Making a well-sampled MFCC space for audio querying

staysh · December 31, 2023, 5:51pm

Forgive the bumping of this thread, it came up twice in my searches for info here, and the emphasis of the title is on the data, so I feel this is related…

Can anyone point me to some resources on corpus building? More specifically, wanting to take a bunch of audio and reduce redundancy via the 7-15 dimensional representation of it (MFCC). I’m working with flucoma in Max/MSP, but I’m comfortable in any language/environment if there are other workflows for this.

In 2 dimensions I could perceive the coverage of the feature space, but not in 13.

A bit more about my use case: I am slicing audio by novelty in mfcc analysis, then doing kdtree lookups via mfcc analysis of live audio. I would like to make the corpus as small and potent as possible. For instance, loading new audio as I collect it and incorporating slices from it where there are gaps in the corpus, and thinning out denser clusters.

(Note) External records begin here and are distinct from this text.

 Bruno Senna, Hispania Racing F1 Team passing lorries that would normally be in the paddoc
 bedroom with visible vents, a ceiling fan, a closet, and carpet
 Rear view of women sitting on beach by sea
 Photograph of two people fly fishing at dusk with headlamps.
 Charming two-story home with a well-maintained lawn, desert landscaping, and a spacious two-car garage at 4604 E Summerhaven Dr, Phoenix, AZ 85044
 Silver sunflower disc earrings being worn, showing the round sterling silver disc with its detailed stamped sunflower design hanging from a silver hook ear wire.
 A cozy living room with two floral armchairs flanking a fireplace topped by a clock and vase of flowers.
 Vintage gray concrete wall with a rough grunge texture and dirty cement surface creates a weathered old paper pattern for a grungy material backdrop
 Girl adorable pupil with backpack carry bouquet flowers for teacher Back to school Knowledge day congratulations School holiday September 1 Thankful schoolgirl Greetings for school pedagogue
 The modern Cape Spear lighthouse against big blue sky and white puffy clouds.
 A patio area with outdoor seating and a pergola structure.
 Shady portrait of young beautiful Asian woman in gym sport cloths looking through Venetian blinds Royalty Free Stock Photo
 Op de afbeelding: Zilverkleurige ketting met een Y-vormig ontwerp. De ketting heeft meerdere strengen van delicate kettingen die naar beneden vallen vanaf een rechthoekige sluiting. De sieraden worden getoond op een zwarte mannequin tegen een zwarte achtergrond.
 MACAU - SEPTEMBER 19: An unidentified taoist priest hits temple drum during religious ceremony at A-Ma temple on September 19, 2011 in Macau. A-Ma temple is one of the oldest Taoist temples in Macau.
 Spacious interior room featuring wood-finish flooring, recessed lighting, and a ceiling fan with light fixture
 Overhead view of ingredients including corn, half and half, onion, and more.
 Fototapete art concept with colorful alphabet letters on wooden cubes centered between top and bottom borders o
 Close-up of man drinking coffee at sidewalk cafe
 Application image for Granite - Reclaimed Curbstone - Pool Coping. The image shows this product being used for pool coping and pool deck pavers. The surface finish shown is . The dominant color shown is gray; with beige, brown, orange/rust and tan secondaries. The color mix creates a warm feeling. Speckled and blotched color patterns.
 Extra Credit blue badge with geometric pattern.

Real-time look up performance is fine on 13 dimensions, with well over 10,000 rows in the dataset.

I realize there is also the input space to think about and this could be modeled instead to map the closest to a given source and what locations it can access. (What could would it be to have data that a given input cant get close enough to?)

I’m looking for legibility, meaning for me, slices of input mapping closely to slices in the corpus. I figured having a highly curated, generalized corpus (at least in terms of it’s mfcc analysis) is one strategy.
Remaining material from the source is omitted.